• Work to be completed:
Retype the opening lines of the listing below, ending with the line that contains "Pink & Gold", and leave out any pictures.

BEGIN Dataset content

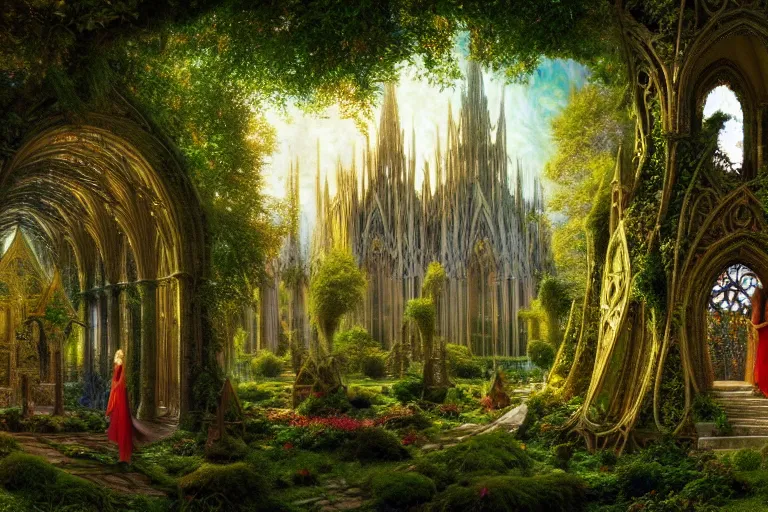 Image similar to a beautiful and highly detailed digital painting of an elven cathedral in a beautiful garden in a mystical forest, psychedelic colors, intricate details, epic scale, insanely complex, hyperdetailed, artstation, cgsociety, 8 k, sharp focus, hyperrealism, by caspar friedrich, albert bierstadt, james gurney, brian froud,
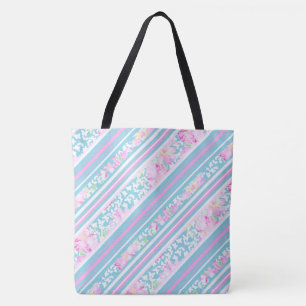 Pink Roses, White Butterflies and Matching Stripes Tote Bag
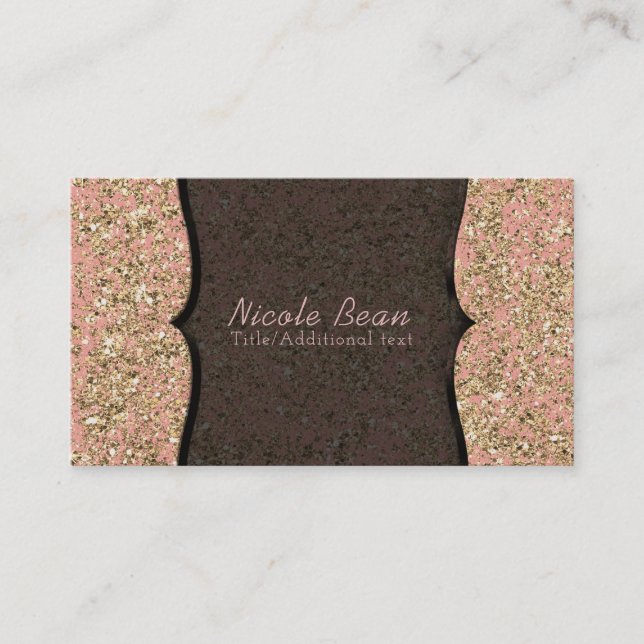 Pink & Gold Faux Glitter Black Glamour Chic Business Card (Front)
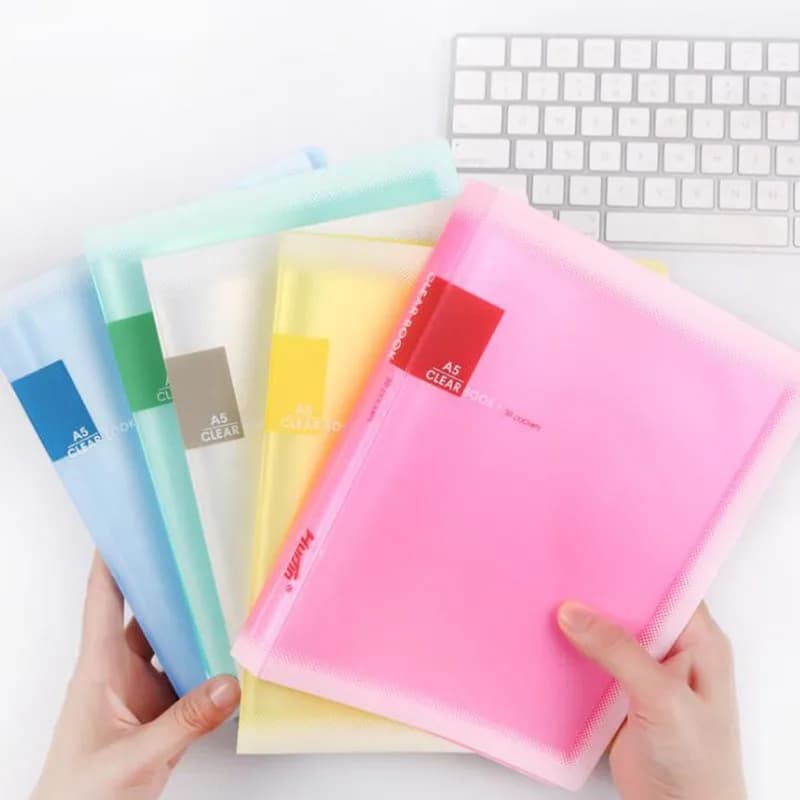 20/30/40/60 Pages Color Frosted A5 Folder Booklet Transparent Insert Bag Office Ticket File Folders Document Organizer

END Dataset content

• Answer:
 Image similar to a beautiful and highly detailed digital painting of an elven cathedral in a beautiful garden in a mystical forest, psychedelic colors, intricate details, epic scale, insanely complex, hyperdetailed, artstation, cgsociety, 8 k, sharp focus, hyperrealism, by caspar friedrich, albert bierstadt, james gurney, brian froud,
 Pink Roses, White Butterflies and Matching Stripes Tote Bag
 Pink & Gold Faux Glitter Black Glamour Chic Business Card (Front)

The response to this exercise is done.